Their binary representation is the same as they all fit in one single byte or octet.

However, the extended Latin characters do not have the same Windows-1252 (ASCII) code and Unicode code.
http://en.wikipedia.org/wiki/Latin_Extended-A_Unicode_block

From this character set, French only uses the oe ligature though.

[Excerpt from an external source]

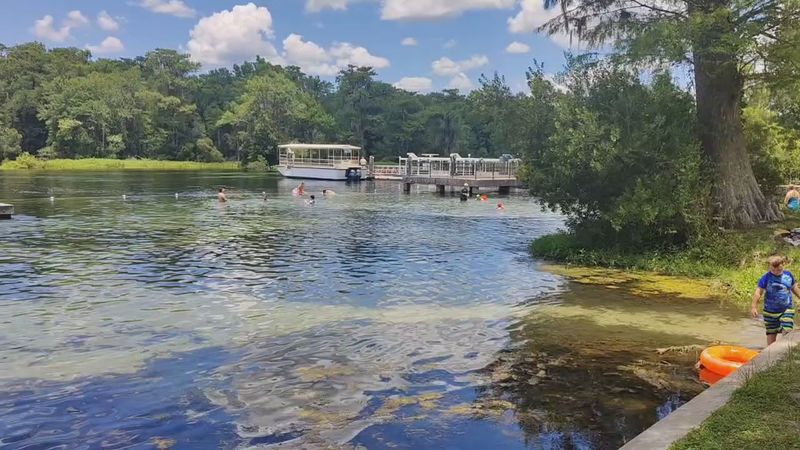 Wakulla Springs State Park, Wakulla Springs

French accents and ligatures and how to type them with the number pad:
a with grave accent
à ALT + 133 À ALT + 0192

a with circumflex
â ALT + 131 Â ALT + 0194

a with tréma
ä ALT + 132 Ä ALT + 142

a e ligature
æ ALT + 145 Æ ALT + 146

c with cedilla
ç ALT + 135 Ç ALT + 128

e with acute accent
é ALT + 130 É ALT + 144

e with grave accent
è ALT + 138 È ALT + 0200

e with circumflex
ê ALT + 136 Ê ALT + 0202

e with tréma
ë ALT + 137 Ë ALT + 0203

i with circumflex
î ALT + 140 Î ALT + 0206

i with tréma
ï ALT + 139 Ï ALT + 0207

o with circumflex
ô ALT + 147 Ô ALT + 0212

o e ligature
œ ALT + 0156 Œ ALT + 0140

u with grave accent
ù ALT + 151 Ù ALT + 0217

u with circumflex
û ALT + 150 Û ALT + 0219

u with tréma
ü ALT + 129 Ü ALT + 154

French quotation marks
« ALT + 174 » ALT + 175

Euro symbol
€ ALT + 0128

The Windows-1252 encoding can be seen here:
http://www.visibone.com/htmlref/char/webascii.htm

For more, see Joel on Software rant :-p

As most questions in technology, the answer is: it depends.

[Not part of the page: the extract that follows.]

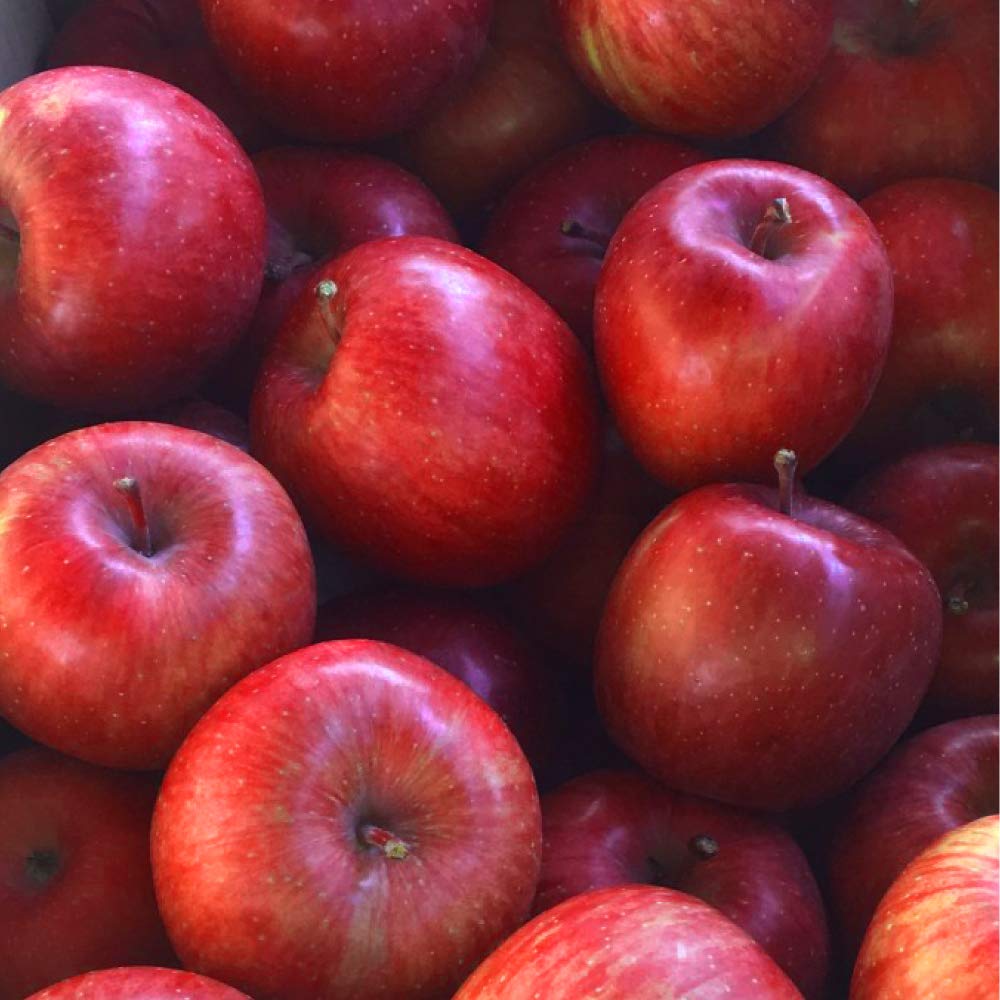 アップルロード工藤農園 青森県産りんご ご家庭用 訳あり サンふじ  (ジュース・スムージー用)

http://stackoverflow.com/questions/35366/varchar-vs-nvarchar-performance

Performance wise, varchar is more efficient, less memory space, 20% to 30% smaller indexes.
Most database drivers will interpret the incoming stream and convert to Windows-1252 encoding, if the server code page is Windows 1252.
If you use way too many characters in the extended Latin group, you have no choice but using nvarchar…if you deal with other languages that are not Romance Languages, you have no choice but nvarchar.

Cheers!